Roger Staubach, Ed Lyon & Art Napolitano — Comebacks, Tax Truths, and Reinvention (The Neil Haley Show, Oct 1, 2025)
Description
Neil kicks off with a classic: a 2016 “Just Two Choices” segment featuring Dallas Cowboys legend Roger Staubach. Roger traces his late switch to quarterback—only in his senior year of high school—through a formative season at New Mexico Military Institute, then Navy. He credits those years for sharpening both the arm and the mindset, and he hammers a simple truth: the QB’s real job is transferring confidence to the team when the clock gets tight.
They dig into leadership under pressure and the birth of the “Hail Mary.” Staubach recounts the 1975 Vikings playoff miracle with Drew Pearson, how one phrase stuck, and why those last two minutes demand a different mental gear.
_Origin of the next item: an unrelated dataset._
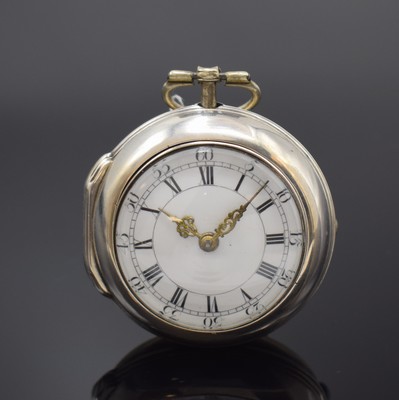 JOS. RIGBY London frühe Zylindertaschenuhr mit Übergehäuse in Silber, London Hallmark 1754, glattes Geh., Bügel u. Übergeh. später, ...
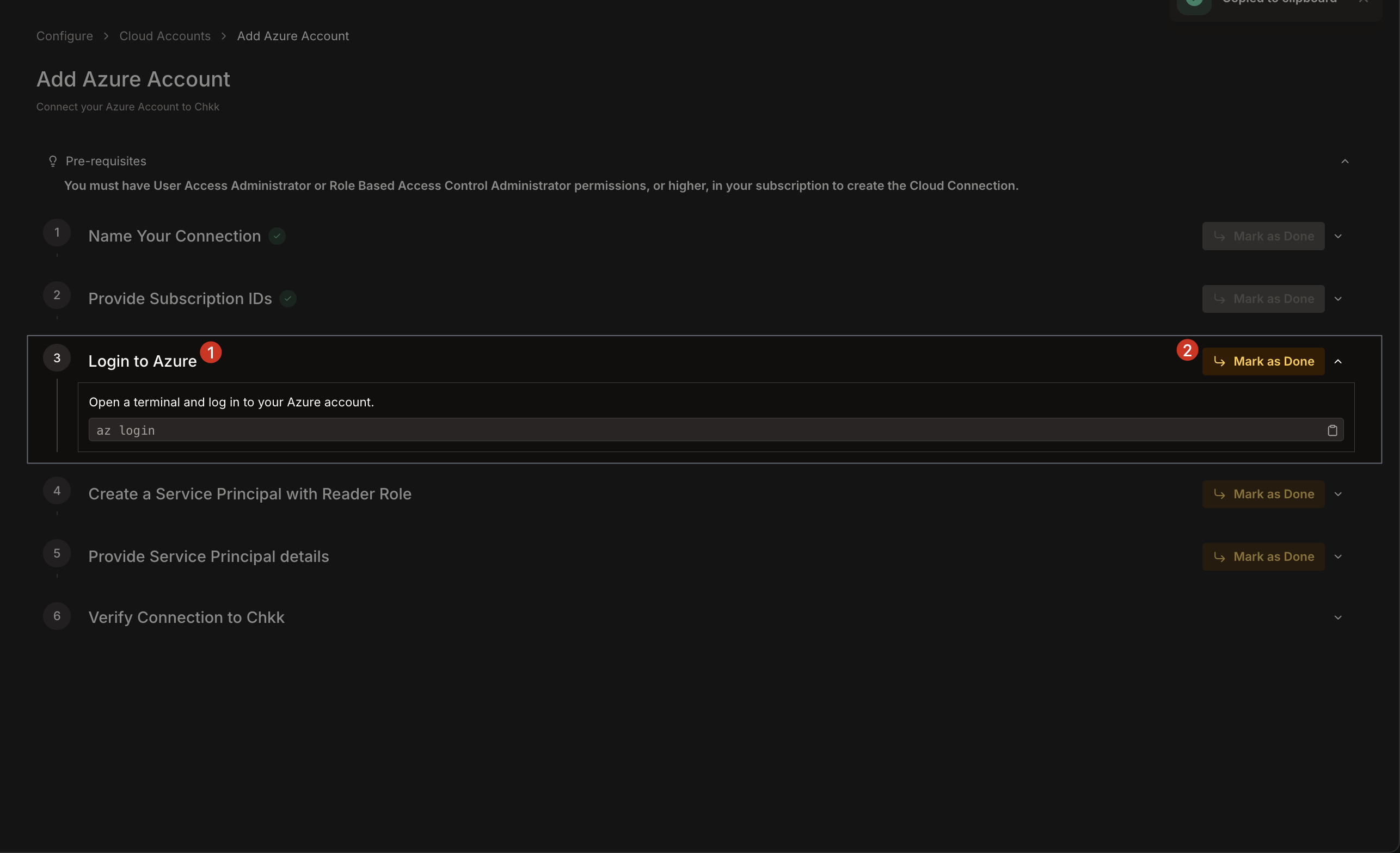 Add Azure Account - Login to Azure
He name-checks clutch allies (Pearson, Tony Hill, Preston Pearson) and tips his hat to Troy Aikman for owning the ’90s. Oh—and that colorblindness? Funny story, but it never rattled him on Sundays.
Service comes up big. Roger outlines his Navy path, supply corps stint in Da Nang, and how the Academy’s engineering grind became a business edge. Off-seasons meant real estate reps long before retirement; that discipline later rolled into leadership at JLL. Family notes, a few Pittsburgh–Dallas laughs, and we’re out—vintage Staubach: calm, candid, classy.
Next, tax strategist Ed Lyon jumps in with a no-nonsense breakdown of the latest Epstein chatter on Capitol Hill. He separates sizzle from steak: lots of professionals without CPA/JD letters still give legitimate tax planning; the IRS can’t audit everything; and the Epstein/Leon Black matter centers on GRATs—a mainstream estate tool vetted by a top firm. The eyebrow-raiser isn’t the strategy; it’s the fees and documentation. Ed contrasts routine, low-risk planning (401(k)s, pensions) with higher-scrutiny moves (conservation easements), and frames risk tolerance like any other portfolio decision.
Finally, Neil tees up Art Napolitano—musician-turned-entrepreneur—on reinvention. From chasing a Boston rock dream to hitting bottom and rebuilding, Art’s setup promises a straight talk on direct sales, creator discipline, and the mindset shift from “comfortable” to “successful.” Good old-fashioned grit meets modern creator economy—right in Neil’s wheelhouse.